Task directions: Copy exactly the lines of the material below, starting with the first and including the line that holds "Tangerine Élan Bloom Block Shirt".

Exercise data:

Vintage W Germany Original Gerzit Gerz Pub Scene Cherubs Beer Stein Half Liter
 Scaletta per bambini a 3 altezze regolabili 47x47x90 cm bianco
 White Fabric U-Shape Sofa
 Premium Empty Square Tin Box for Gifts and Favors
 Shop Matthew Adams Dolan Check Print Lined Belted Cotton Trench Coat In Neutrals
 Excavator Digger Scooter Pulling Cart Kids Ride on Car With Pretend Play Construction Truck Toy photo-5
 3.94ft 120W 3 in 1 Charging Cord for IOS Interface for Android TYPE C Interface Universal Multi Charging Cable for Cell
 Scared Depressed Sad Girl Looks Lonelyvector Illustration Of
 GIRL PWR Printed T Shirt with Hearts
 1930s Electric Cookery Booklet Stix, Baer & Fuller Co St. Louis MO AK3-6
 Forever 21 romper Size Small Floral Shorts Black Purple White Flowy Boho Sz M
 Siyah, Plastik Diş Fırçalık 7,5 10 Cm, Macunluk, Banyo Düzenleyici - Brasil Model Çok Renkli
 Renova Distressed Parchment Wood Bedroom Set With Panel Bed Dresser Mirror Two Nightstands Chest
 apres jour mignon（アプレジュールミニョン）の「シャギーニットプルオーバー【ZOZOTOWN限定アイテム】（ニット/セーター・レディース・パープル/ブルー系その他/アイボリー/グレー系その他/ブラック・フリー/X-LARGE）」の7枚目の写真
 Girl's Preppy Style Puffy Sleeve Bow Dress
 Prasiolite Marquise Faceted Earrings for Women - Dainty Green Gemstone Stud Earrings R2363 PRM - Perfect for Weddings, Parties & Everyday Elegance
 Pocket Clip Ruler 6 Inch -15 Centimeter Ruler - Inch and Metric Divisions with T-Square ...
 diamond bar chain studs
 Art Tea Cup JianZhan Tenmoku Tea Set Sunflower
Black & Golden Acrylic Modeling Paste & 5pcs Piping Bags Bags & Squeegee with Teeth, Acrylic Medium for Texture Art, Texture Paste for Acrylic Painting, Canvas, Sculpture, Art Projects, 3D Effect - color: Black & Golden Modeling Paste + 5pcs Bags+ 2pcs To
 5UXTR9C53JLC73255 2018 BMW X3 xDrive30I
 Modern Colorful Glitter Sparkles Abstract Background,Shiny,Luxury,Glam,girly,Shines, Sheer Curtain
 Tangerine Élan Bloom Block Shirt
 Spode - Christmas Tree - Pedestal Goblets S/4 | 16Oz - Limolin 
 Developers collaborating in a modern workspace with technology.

Answer for this exercise:
Vintage W Germany Original Gerzit Gerz Pub Scene Cherubs Beer Stein Half Liter
 Scaletta per bambini a 3 altezze regolabili 47x47x90 cm bianco
 White Fabric U-Shape Sofa
 Premium Empty Square Tin Box for Gifts and Favors
 Shop Matthew Adams Dolan Check Print Lined Belted Cotton Trench Coat In Neutrals
 Excavator Digger Scooter Pulling Cart Kids Ride on Car With Pretend Play Construction Truck Toy photo-5
 3.94ft 120W 3 in 1 Charging Cord for IOS Interface for Android TYPE C Interface Universal Multi Charging Cable for Cell
 Scared Depressed Sad Girl Looks Lonelyvector Illustration Of
 GIRL PWR Printed T Shirt with Hearts
 1930s Electric Cookery Booklet Stix, Baer & Fuller Co St. Louis MO AK3-6
 Forever 21 romper Size Small Floral Shorts Black Purple White Flowy Boho Sz M
 Siyah, Plastik Diş Fırçalık 7,5 10 Cm, Macunluk, Banyo Düzenleyici - Brasil Model Çok Renkli
 Renova Distressed Parchment Wood Bedroom Set With Panel Bed Dresser Mirror Two Nightstands Chest
 apres jour mignon（アプレジュールミニョン）の「シャギーニットプルオーバー【ZOZOTOWN限定アイテム】（ニット/セーター・レディース・パープル/ブルー系その他/アイボリー/グレー系その他/ブラック・フリー/X-LARGE）」の7枚目の写真
 Girl's Preppy Style Puffy Sleeve Bow Dress
 Prasiolite Marquise Faceted Earrings for Women - Dainty Green Gemstone Stud Earrings R2363 PRM - Perfect for Weddings, Parties & Everyday Elegance
 Pocket Clip Ruler 6 Inch -15 Centimeter Ruler - Inch and Metric Divisions with T-Square ...
 diamond bar chain studs
 Art Tea Cup JianZhan Tenmoku Tea Set Sunflower
Black & Golden Acrylic Modeling Paste & 5pcs Piping Bags Bags & Squeegee with Teeth, Acrylic Medium for Texture Art, Texture Paste for Acrylic Painting, Canvas, Sculpture, Art Projects, 3D Effect - color: Black & Golden Modeling Paste + 5pcs Bags+ 2pcs To
 5UXTR9C53JLC73255 2018 BMW X3 xDrive30I
 Modern Colorful Glitter Sparkles Abstract Background,Shiny,Luxury,Glam,girly,Shines, Sheer Curtain
 Tangerine Élan Bloom Block Shirt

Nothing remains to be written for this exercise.